Rossi ci ha spiegato che non è preoccupato del deflusso di pubblico verso La7. Sono affermazioni gravi. 

È un’affermazione gravissima. Prima che una questione editoriale o addirittura politica ne faccio una questione economica-aziendale, perché il bilancio di un’azienda è fatto anche della pubblicità che le trasmissioni portano. Poi è anche un problema di legittimazione del del servizio pubblico: non si è mai visto un amministratore delegato che sia contento di una fuga.

Non si tratta di smantellare ma di introdurre il pluralismo, dice Rossi. 

Perché su Rai1 nessuno pone il problema del pluralismo dell’informazione? Perché dobbiamo fare a meno di volti dell’informazione che poi vanno in onda altrove, penso a figure come Antonio Di Bella e Giovanna Botteri? E poi, quanto durerà l’esilio di Serena Bortone in radio?

Usigrai si è vista negare la trasmissione di un video di sostegno a Rai3 perché il contenuto era «editoriale» e non «sindacale». Possono decidere solo i direttori cosa va in onda sulla Rai?

L’ad ha un’idea molto parziale, molto arretrata e persino offensiva dell'attività sindacale. L’Usigrai ha non solo il diritto, ma il dovere di occuparsi di questioni editoriali incidono sulla solidità di una rete se incidono sulla legittimazione del servizio pubblico. Ci si preoccupa della tenuta di una parte consistente dell'azienda e ci si preoccupa, spiace doverlo sottolineare, molto più di quanto non faccia l'amministratore.

Dove vanno azienda e cda senza il contrappeso della commissione di Vigilanza? 

Anche per noi è stata grave l’assenza di interlocutori. Il nostro palinsesto è stato nell'ultimo anno infarcito di ore su Garlasco, su questo avrei voluto sentire la commissione a proposito del contratto di servizio. Lo stesso vale per la transizione digitale e per l’attenzione ai nuovi italiani. 

In che clima si arriva all’esame della riforma? 

Per la destra va tolto di mezzo ogni riferimento alla maggioranza qualificata, sia per l’elezione dei membri del cda, sia per il presidente. C’è l'idea che basti avere un 51 per cento per fare l’asso piglia tutto, chiunque sia ad averlo, un imbarbarimento della politica.

Viene cancellata ogni ipotesi di possibile punto incontro tra le forze politiche. La maggioranza qualificata però non è un inciucio, è il dovere di trovare un punto di incontro su certe questioni di valore istituzionali. È anche quello un contributo alla coesione alla quale tanto spesso ci richiama il presidente Mattarella.

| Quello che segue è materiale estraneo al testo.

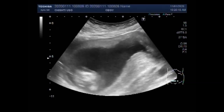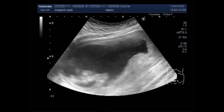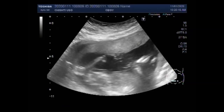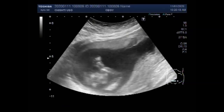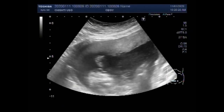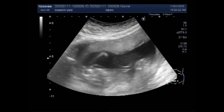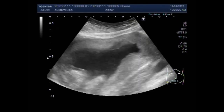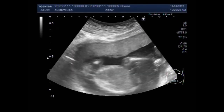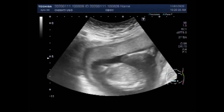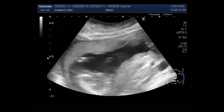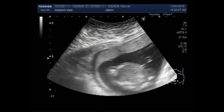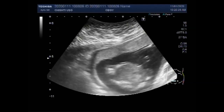Again you can see the vigorous fetal movements. Again the arms are visible. These are the lower limbs.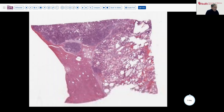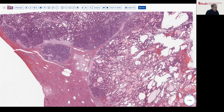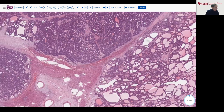Here's the resection specimen. At low magnification, it has some areas that look very thyroid-like — a very follicular pattern — with large dilated spaces with eosinophilic fluid, other areas with more amphiphilic or blue staining areas, and sort of a multi-nodular pattern of appearance.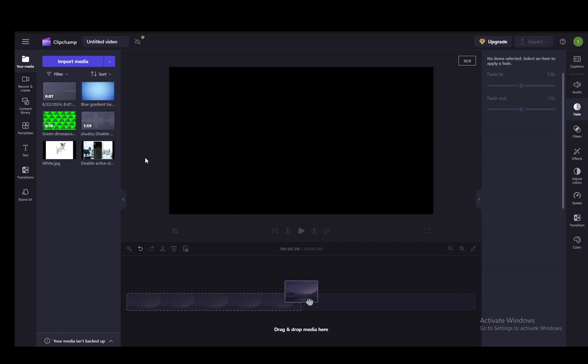Hey everybody, what is going on? I hope you guys are all doing well and welcome to another tutorial video. In this video I'll be explaining to you guys how you can create or add a background image into your videos in Clipchamp.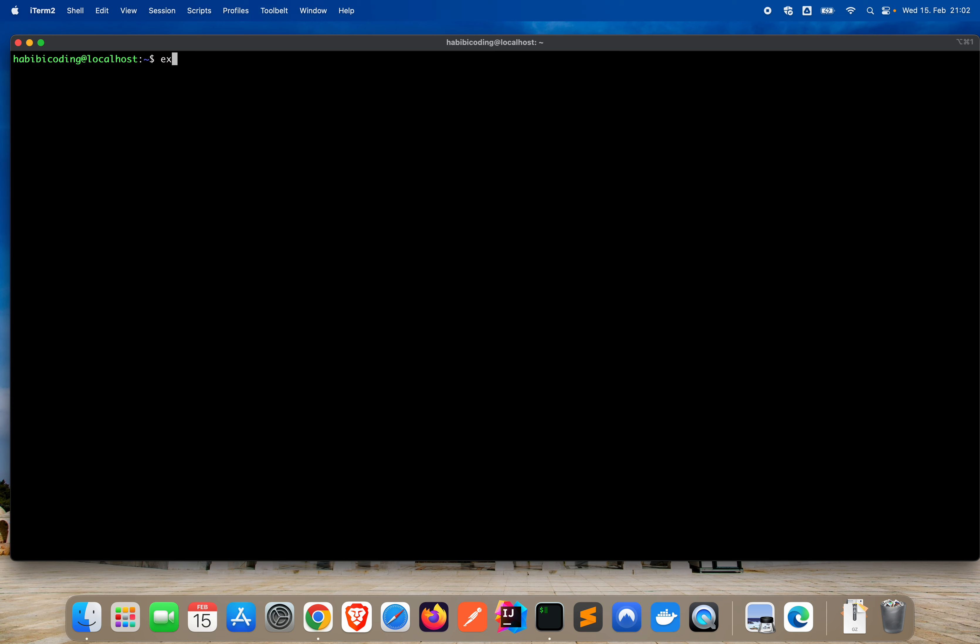As you can see, we are now habibi coding here. And we can also, when we connect to the instance, connect directly to habibi coding. We don't have to use the switch user. What I'm showing you right now is: type exit. Exit. And remember, we logged on first with root. That's why we exited from habibi coding. We are now again root. Say again exit. Now our connection is closed. Clear.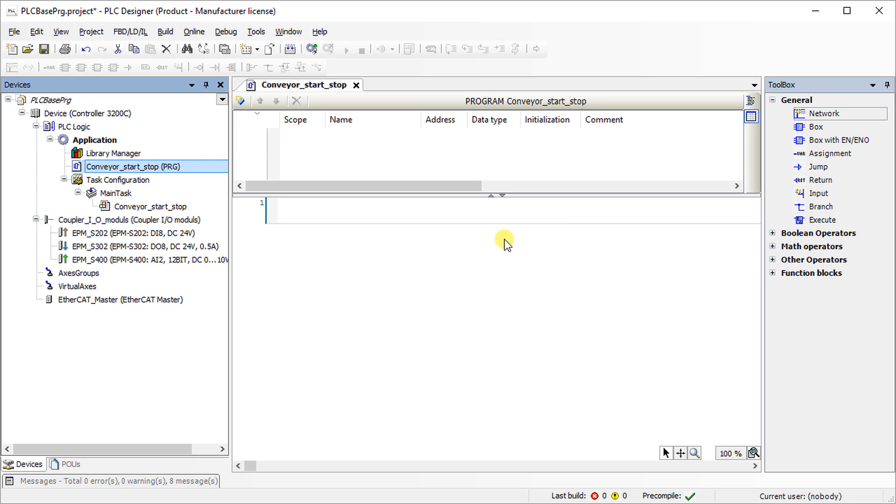We will write a conveyor start stop logic for understanding the function block diagram writing procedure, where the start push button turns on the conveyor, a product sensor will sense the number of products passing through the conveyor, and after a predefined number of product counts, the conveyor will stop automatically.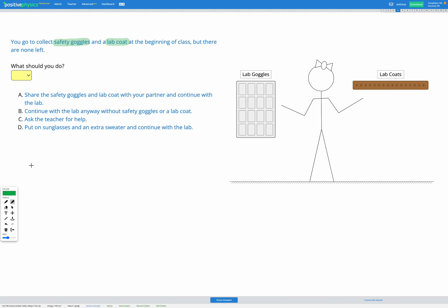So what should you do? We've got four options, so let's read through each option. Option one is to share the safety goggles and lab coat with your partner and continue with the lab. This might sound like a good option, but our rule that we need to follow here is that safety goggles and a lab coat are required at all times during a lab activity. So that's not going to be good enough. So A isn't going to work.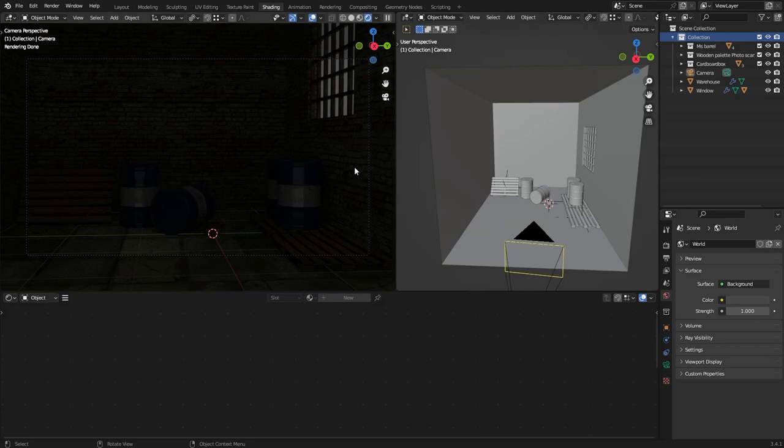Hello everyone! In this Blender tutorial I'm gonna show you a quick and effective way to add volumetric light to your scene that works really well in both Cycles and Eevee.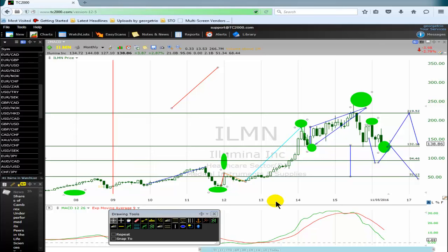Is this an ending diagonal? Is this an Elliott wave ending diagonal? We are on a monthly chart of Illumina Incorporation, EPIC ILMN, India Lima Mike November. This is an XDA100 component.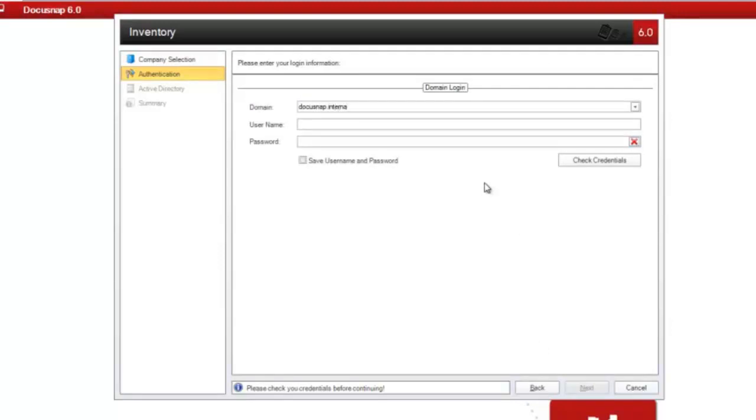It is possible to save the credentials so that there will be no need to enter the password and username again for later inventory scans.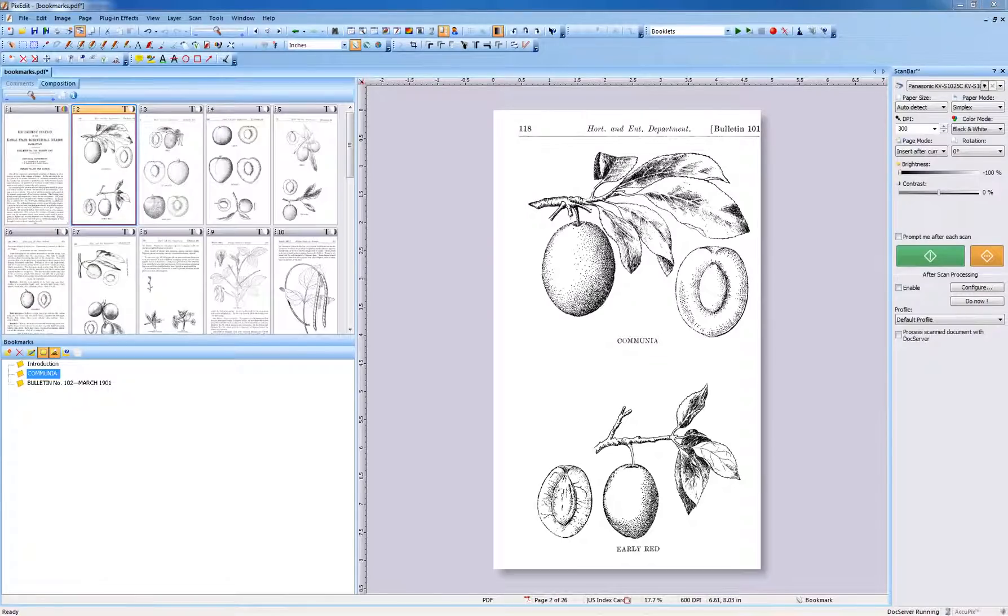Bookmarks created in PixEdit are visible by all types of PDF viewing software such as Adobe Reader.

C’è stato anche polemica intorno alle posizioni di Antonino Monteleone sul medio oriente. Rossi ha detto che non vuole fare il censore. 

È gravissimo che in presenza di quelle dichiarazioni sui social Monteleone venga anche premiato con nove prime serate nel prossimo palinsesto. 

L’Emfa prevede che l’autonomia del servizio pubblico sia legato anche a risorse certe. 

Non possiamo continuare ad accettare in silenzio che le nostre risorse vengano decurtate. Insieme ai colleghi Di Maio e Di Pietro stiamo ponendo l'urgenza di una presa di posizione pubblica del cda. La risposta della maggioranza è stata "Ma come si fa a criticare il governo che è il il tuo azionista?".

Cosa ha risposto?

Di fare come fece l'allora presidente Tarantola che, quando alla Rai venne sottratto un capitale di 150 milioni di euro, decise di intraprendere un ricorso in sede legale.